Aristotle believed that, having gone through with the hero of the grief or loss, the viewer or the reader reaches enlightenment he acts out his aggression, getting rid of her. This is the state of enlightenment Aristotle called “catharsis”. The problem is that modern scientists have shown an inverse relationship: when watching dark movies fear and aggression only intensified.
Bad — bad — good
Psychologist Dolf Zillman developed the “theory of excitation transfer”, according to which our sense of satisfaction and joy when the hero reaches the happy ending, the stronger, the worse the horrors that he had to overcome. That is, we literally change the polarity we experience feelings we are so scared, until the hero of attacking zombies, and the joy we feel at the end of the zombie Apocalypse, the same intensity as our fear.
But those films where there is no happy ending? Where zombies devour a hero?
Researcher of the cinema Noel Carroll, in his work “Paradox of horror” suggested that all the matter in ordinary human curiosity. The horror movie tries to prove to the audience that the unreal is real. Fear is not our usual sense. At least, the fear of monsters. And we love all the unusual and rare.
Stress under control
Great be afraid when you’re sitting safe in front of a computer screen or TV and know exactly what the monster’ll never come out. So you can test the boundaries of their anxiety in a safe controlled environment. And deal with it.
When it gets too scary you can close your eyes or put the movie on pause, giving yourself the opportunity to rest and do some more popcorn. That is, you can always stop being afraid, when she wants it. Thus we learn to cope with real problems, get acquainted with your fear. By the way, this is not a bad way to learn emotional regulation.
What horror movies are so nice to look at: to banter over one another or turn away and ask a neighbor: “is that all? Is he gone?” Andrew Tudor wrote: “People will run, to jump during the shocking events on the screen, hold your breath, break out a nervous laugh. All this is seen in the audience of horror films and is considered a sign that the film was a success.
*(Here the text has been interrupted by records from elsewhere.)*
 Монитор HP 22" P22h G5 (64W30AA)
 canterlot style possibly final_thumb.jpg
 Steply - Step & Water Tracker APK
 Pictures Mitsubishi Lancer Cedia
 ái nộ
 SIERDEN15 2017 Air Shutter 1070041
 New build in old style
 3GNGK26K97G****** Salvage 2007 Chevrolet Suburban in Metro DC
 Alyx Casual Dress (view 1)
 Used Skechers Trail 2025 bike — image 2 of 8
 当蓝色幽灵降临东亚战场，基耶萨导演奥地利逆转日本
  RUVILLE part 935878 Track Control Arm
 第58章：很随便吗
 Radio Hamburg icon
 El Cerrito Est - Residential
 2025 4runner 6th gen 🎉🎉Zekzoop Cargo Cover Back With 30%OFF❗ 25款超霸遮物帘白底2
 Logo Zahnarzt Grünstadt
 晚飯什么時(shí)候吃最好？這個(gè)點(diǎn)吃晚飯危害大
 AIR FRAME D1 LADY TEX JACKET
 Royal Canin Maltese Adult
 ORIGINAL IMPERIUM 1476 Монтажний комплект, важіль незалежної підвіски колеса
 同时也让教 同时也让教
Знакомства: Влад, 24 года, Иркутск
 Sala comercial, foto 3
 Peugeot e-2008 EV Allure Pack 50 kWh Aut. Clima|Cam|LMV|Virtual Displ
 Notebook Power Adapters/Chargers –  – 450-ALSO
In fact, the collective manifestation of these “symptoms” — part of the process by which social meaning creates a pleasant experience of watching horror movies, which is a mandatory aspect of the specific symptom in this situation. Young audiences learn how to behave in such a way as to get pleasure from observing the manifestation of the appropriate reactions.”
Theories of why we are so passionate about horror movies, many — and they are all somehow incomplete. Most likely, the reasons for our preferences need to look around the complex of these theories.